Tunisie: Les dix jours les plus longs pour Fakhfakh

Alors que tous les Tunisiens s’attendaient à la formation sans anicroche d’un gouvernement d’union nationale, avec l’espoir de voir s’estomper tous les problèmes qui ont été à l’origine du rejet par le parlement du gouvernement Habib Jemli, voilà que tout l’édifice qu’on a cherché à construire risque de se révéler une sorte de château de cartes.

Les propos tenus par Elyes Fakhfakh, chef de gouvernement désigné par le président Kaïs Saïed, lors de sa première conférence de presse tenue la semaine dernière risquent de remettre les compteurs à zéro.

L’espoir d’un large consensus au parlement s’est rapidement mué en incertitudes, voire même en possibilité d’aggravation de la crise politique dont le point d’orgue serait des élections législatives anticipées que certains partis n’écartent pas, ne redoutent pas.

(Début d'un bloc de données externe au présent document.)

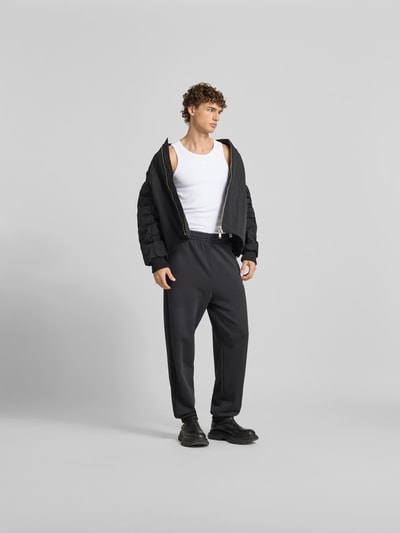 Männermodel trägt weißes Tanktop mit Label-Stitching von Diesel aus Baumwoll-Elasthan-Mix, Slim Fit, Ganzkörperansicht von vorne.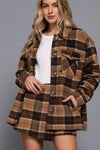 Front wrap plaid short pants in warm brown tones with a relaxed fit, perfect for chic Long Island boutique fashion styling.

Le mouvement Ennahdha, qui n’exclut plus aucune éventualité, est allé dans la foulée jusqu’à présenter une initiative législative au parlement pour amender la loi organique relative aux élections et référendums, proposant l’adoption d’un seuil de 5% des voix aux élections législatives pour obtenir des sièges au Parlement.

Frictions également sur le programme présenté mardi dernier par Elyes Fakhfakh aux partis politiques, jugé « vague, comportant de simples mesurettes et ne s’élevant pas à une stratégie capable d’entreprendre de grandes et courageuses réformes à même de donner une nouvelle impulsion au développement et de renforcer la confiance ».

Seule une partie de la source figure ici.